When Israeli Public Security Minister Gilad Erdan stated the obvious—“Arab society, and I am sorry to say this, is very, very violent”—he probably didn’t guess just how sorry he would be. He was forced to retract his words and abjectly apologize to the Arab citizenry for giving offense.
Recent mass rallies in Arab communities demanding an end to the violence loudly lay the bulk of the blame on an uncaring, discriminatory police force.
Even the police’s success this year in confiscating 3,500 illegal weapons and arresting more than 2,500 Arabs on weapons charges tends to be viewed and reported as just more Israeli persecution and discrimination against its Arab citizens.
Police in Israeli Arab towns like Umm al-Fahm and Ramla can certainly always do more to stanch the bleeding. So can the police in Chicago or Baltimore.

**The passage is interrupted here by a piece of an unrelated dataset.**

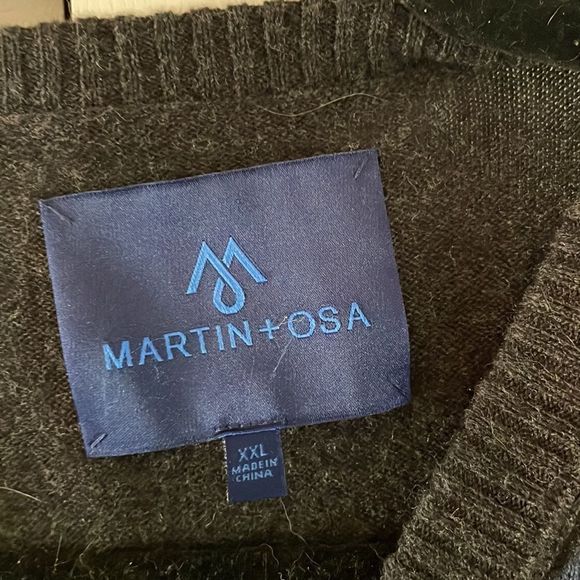 Men’s sweater XXL Martin and osa - Picture 2 of 4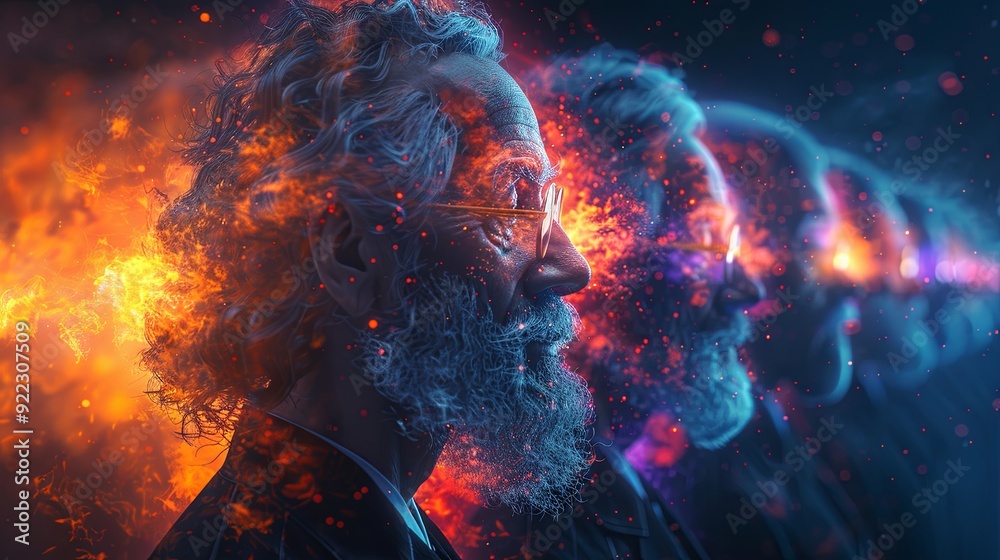 fire in the clouds Holographic ancestor council seeking wisdom from recon fire in the clouds Holographic ancestor council seeking wisdom from recon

But the social pathologies and refusal of so many to trust and assist the police in their thankless work must be viewed as significant contributors. A recent poll showed that 78 percent of Israel’s Arabs “do not trust” the police. People who glorify murderers, fail to cooperate with investigations and do not discipline their own children and other relatives leave the police with fewer options.
Elders who do not control inter-clan passions and who condone the “honor killing” of their own daughters also contribute to the homicide rate.
At any rate, turning frustration and fury on the Israel Police does little to solve the problem and much to create increased Arab-Jewish hostility—and more Arabs in body bags.
Ken Cohen is editor of Facts and Logic About the Middle East (FLAME), which publishes educational messages to correct lies and misperceptions about Israel and its relationship to the United States.